SAN PABLO, Calif. -- Say this about the five-man secondary from Fresno (Calif.) Central High School on display Sunday at the Nike Football Training Camp: They had style.
From Johnny Johnson's black tights and white skullcap to L.J. Moore's orange gloves, coach Tony Perry's defensive backs stood out -- and for more than just their choices in clothing.
Perry, a longtime defensive backs coach in northern California, has assembled an all-star group, led by Moore, a cornerback, and safety Hatari Byrd. They're both seniors next season, and the duo has assembled offers from Arizona State Cal, Georgia, Notre Dame, Oklahoma, UCLA and Washington between them.
UCLA, Notre Dame, Cal and Oklahoma have also offered corner Michiah Quick, a 2014 prospect who will come off the bench next season for Perry after Johnson, a transfer, sits the first two games.
Johnson left San Joaquin (Calif.) Memorial for the chance to play with Byrd, Moore, Quick and rising junior Devon Brewer, a safety offered by Houston and UNLV.
Johnson holds offers from USC, UCLA, Stanford, Oklahoma, Notre Dame, Cal and others.
"I've had some pretty good groups," Perry said. "Every one of them has a goal. With these guys, they're all shooting to get to the top, so they push each other. They all want to be the main guy."
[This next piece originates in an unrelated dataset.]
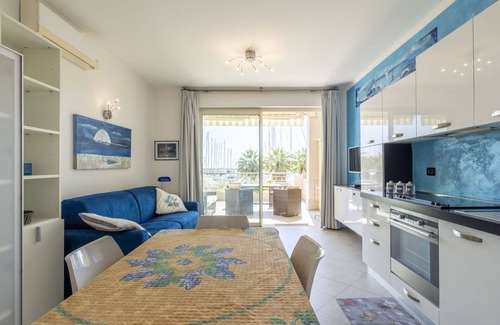 Santo Stefano al Mare Apartment | Inviting Apartment for 4 with Pool, A/C, and Balcony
Perry, entering his third year at Central, coached previously at Edison High School in Fresno and at College of the Sequoias in Visalia, Calif., where he said he produced 10 Division-I defensive backs in two seasons.
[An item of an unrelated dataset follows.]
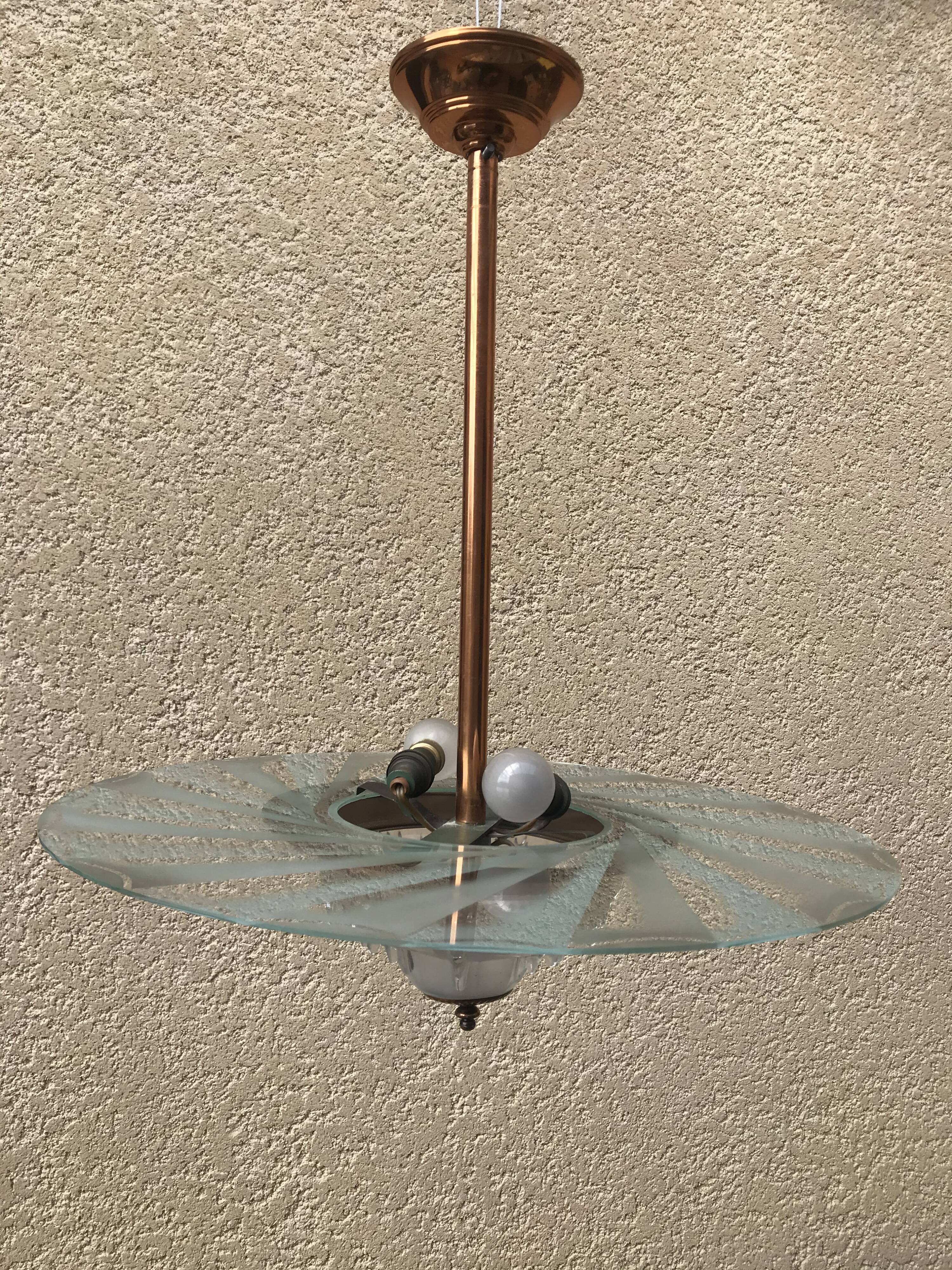 Copper and glass hanging lamp with his Ezan glass disc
His success at placing players in college breeds more success.
"He makes us go out there and grind every day," Byrd said. "But it's worth it. Hard work pays off."
Somehow, they all get along well, too. The Central players encouraged each other Sunday at the NFTC. Johnson, Byrd, Moore and Brewer worked with Perry and the defensive backs. Quick ran with the receivers, alongside teammate Rasean Jones, whose SPARQ-index score Sunday ranked as the highest among about 300 players.
"It's fun," Moore said. "We challenge each other, go out and make each other better."
Moore said he grew up with Johnson and also knew Quick, whose cousin is Byrd.
When they describe each other as family, these guys are serious.
"I learn from them, and they learn from me, too, when I'm on the other side of the ball," Quick said. "It's a pretty good deal. We communicate and talk all the time we're on the field. We never stop talking. We talk about what we're doing right, what we're not, what we need to learn."
As for the quarterback who stares into that secondary, trouble likely awaits.
"We want to scare him," Brewer said, "make him run the ball. If they put it in the air, we're going to go get it. You know that person next to you is going to do a great job."
According to Perry, new Central coach Justin Garza, who came this year from Fresno Sunnyside, has instilled an attitude at the school that demands teamwork and unity.
The secondary should rank as the least of Garza's concerns.
"A lot of kids with offers like that, they let it get to their heads," Perry said. "Not this group. It's easy with these guys."